Switching contexts has a cost
Assuming that Multitasking does not increase productivity (in people), it is possible that this can be justified by a cost function when switching contexts. This is not unlike what happens with multithreading in Python (and probably other programming languages).
Switching contexts while we are thinking means jumping from one train of thought to another. While writing, for example, this would be the difference between finding the words and copyediting what we have written. They require different types of attention (202010161703) and probably access to different neural paths on our brains.
If switching from one context to another has a cost which is dependent on the distance between tasks (i.e. receiving a notification on the phone while replying an e-mail), and we assume that there may be some idle time while performing tasks, then we can postulate the following:
- Switching between tasks that require a certain level of attention will be lower than performing the tasks consecutively (i.e. Multitasking does not increase productivity).
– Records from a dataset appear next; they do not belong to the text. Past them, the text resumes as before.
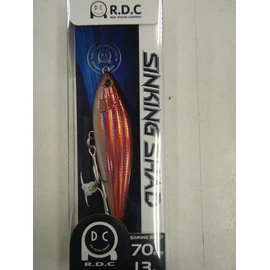 Tacklehouse Minnow R.D.C Sinking Shad, 2.8 inches (70 mm), 0.5 oz (13 g), PH Sea Eggs #24 Lure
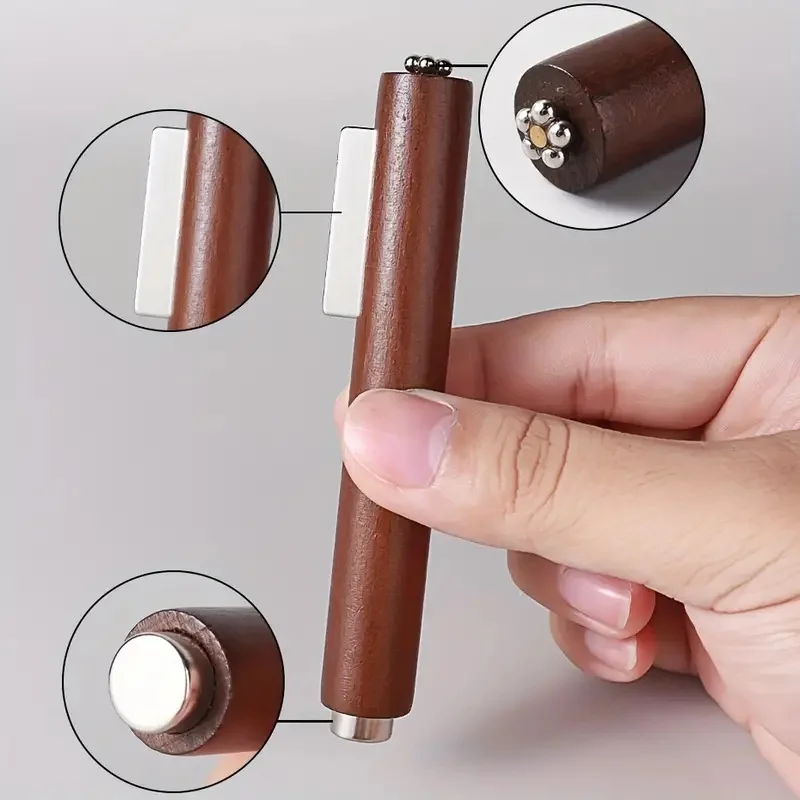 Magnet Stick 3-IN-1 Strong For 3D Magnetic Cat Eye Gel Exploding sparks Pattern Multi-functional UV Gel Nail Magnet Stick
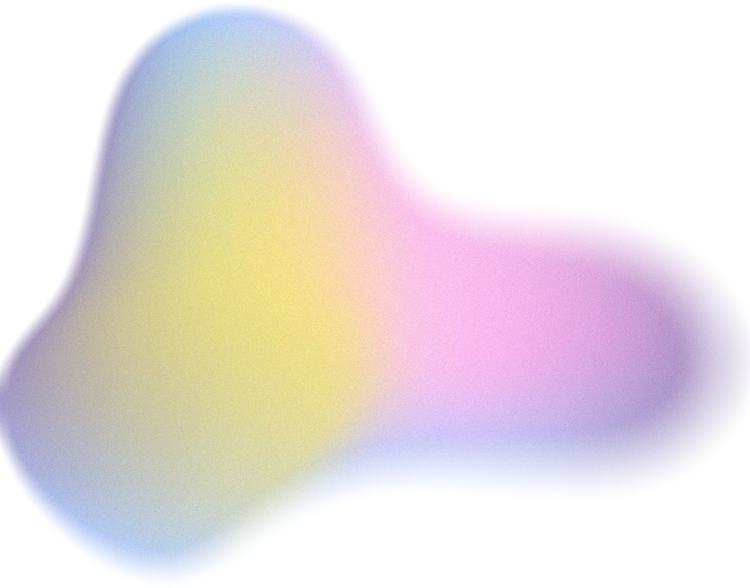 Soft Textured Gradient Blob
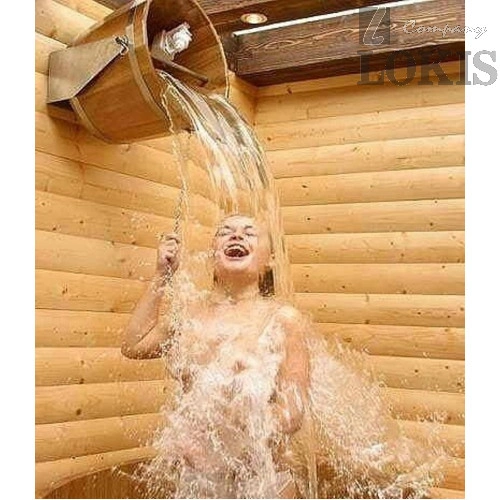 Обливное устройство Дуб Под Маслом Темный 20 Л Вставка Пластик - 1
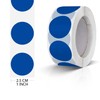 Round Stickers Blue 25 mm Circle Labels Colour Coding Dot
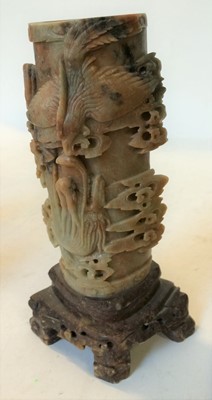 Lot 17 - A collection of 20th century Oriental carved...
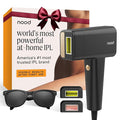Nood??NEW Flasher Pro ? IPL Laser Hair Removal Device &amp Anti-Aging Red Light Therapy for Women &amp Men ? Pain-free Permanent Visible Results After First Use &amp Works Everywhere Hair Grows ?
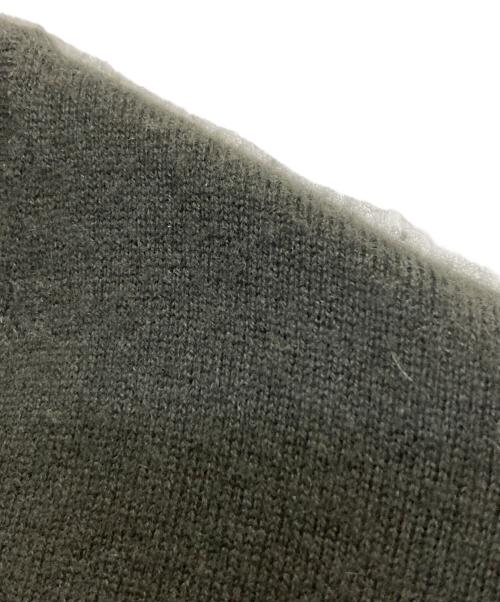 theory（セオリー）theory (セオリー) カシミヤニット グレー サイズ:36の古着・服飾アイテム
- Performing long (hard to define what long means in this context) tasks that require attention will have many idle blocks of time
- Switching tasks in the idle moments may be a better way of using the time overall
Therefore, when planning to work, it could be useful to have more than one task at hand, focus on one and when we feel we are stuck or not being productive, we can switch to a new context. Ideally these two tasks should be correlated in such a way that the activation cost is not too large, but also that the type of attention required is different. For example, we could write several paragraphs for 20 minutes, stop and focus on editing, or on outlining.
Bear in mind that this approach does not imply taking breaks, but simply changing tasks in a way that we can optimize the use of the idle time.